The records that follow are to be transcribed in full, leaving out each picture.

[[ MATERIAL SHOWN, beginning ]]

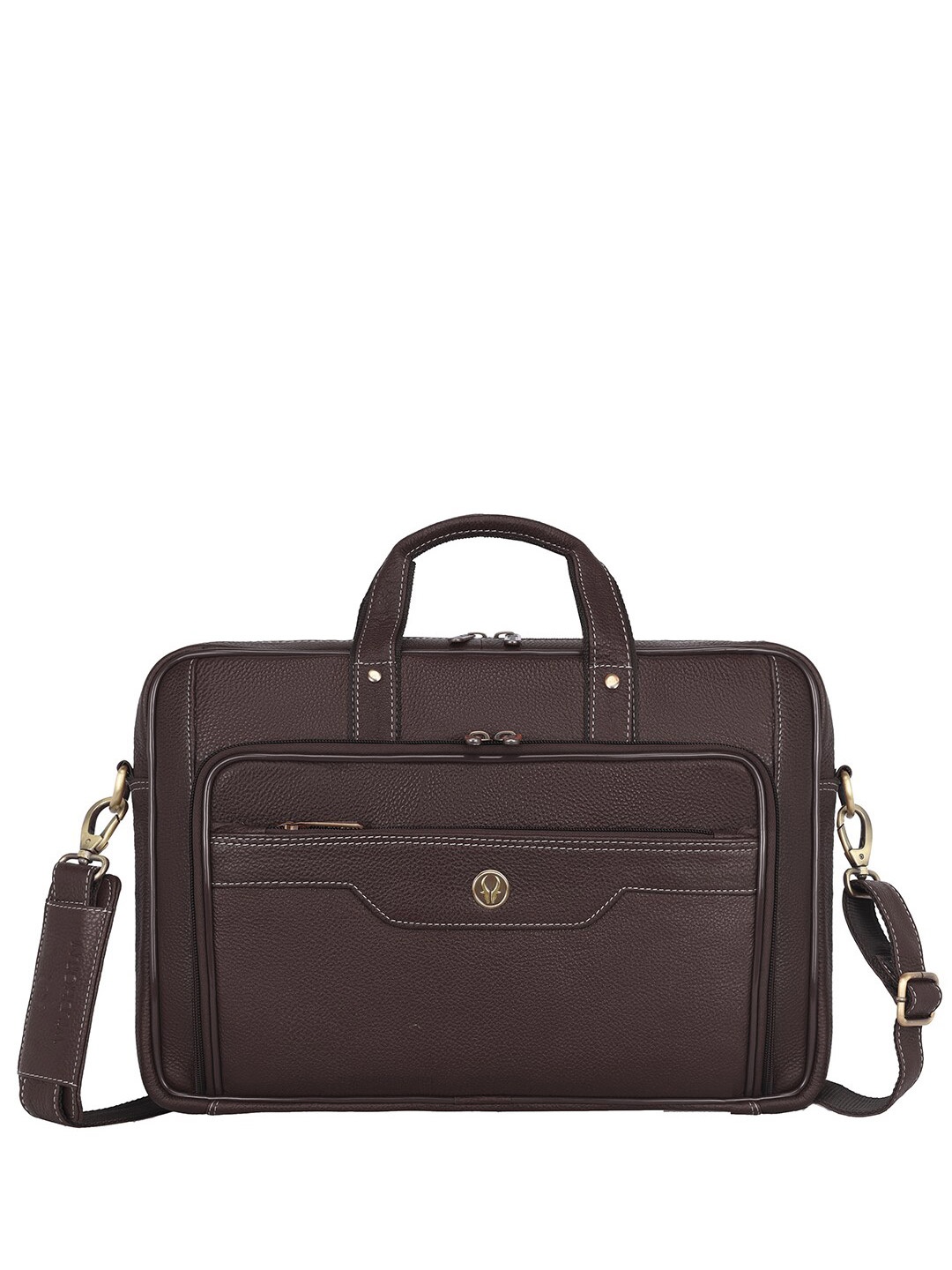 

WildHorn Men Textured Leather Laptop Bag, Brown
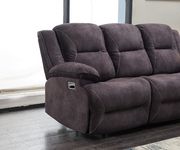 Gray brown fabric reclining sofa by Global additional picture 3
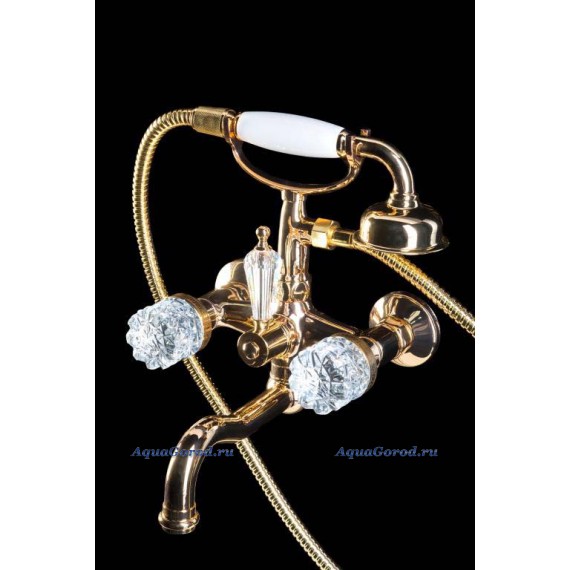 Смеситель Boheme Crystal для ванны с гарнитуром 293-CRST золото Смеситель Boheme Crystal для ванны с гарнитуром 293-CRST золото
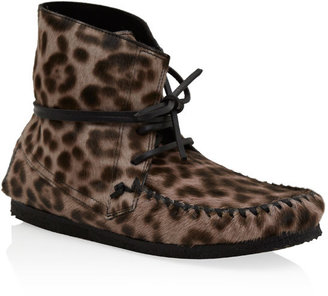 Isabel Marant Brown Flavie Leopard Print Calf Hair Moccasin Boots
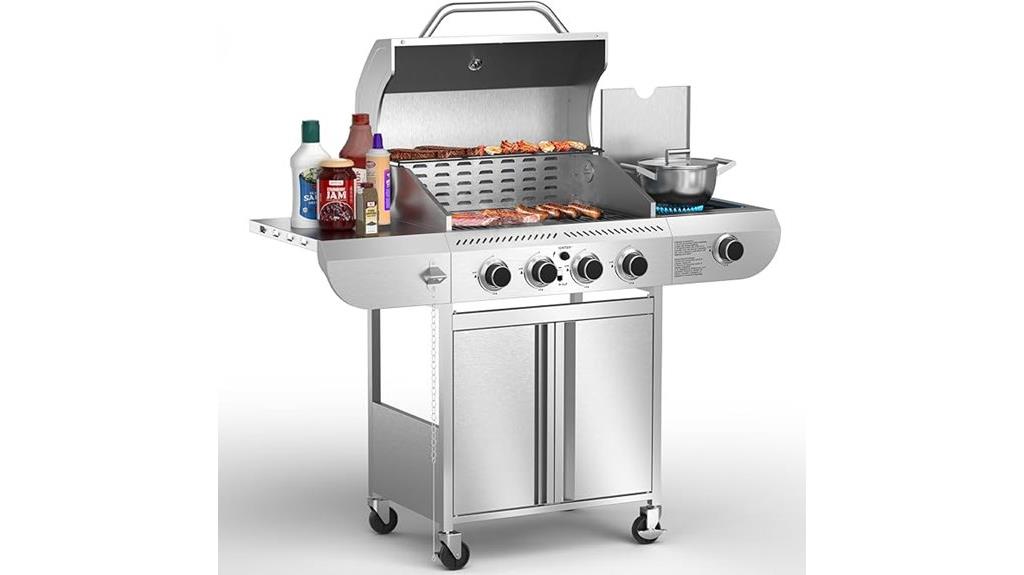 four burner stainless steel grill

[[ MATERIAL SHOWN, end ]]

ANSWER SECTION
WildHorn Men Textured Leather Laptop Bag, Brown
 Gray brown fabric reclining sofa by Global additional picture 3
 Смеситель Boheme Crystal для ванны с гарнитуром 293-CRST золото Смеситель Boheme Crystal для ванны с гарнитуром 293-CRST золото
 Isabel Marant Brown Flavie Leopard Print Calf Hair Moccasin Boots
 four burner stainless steel grill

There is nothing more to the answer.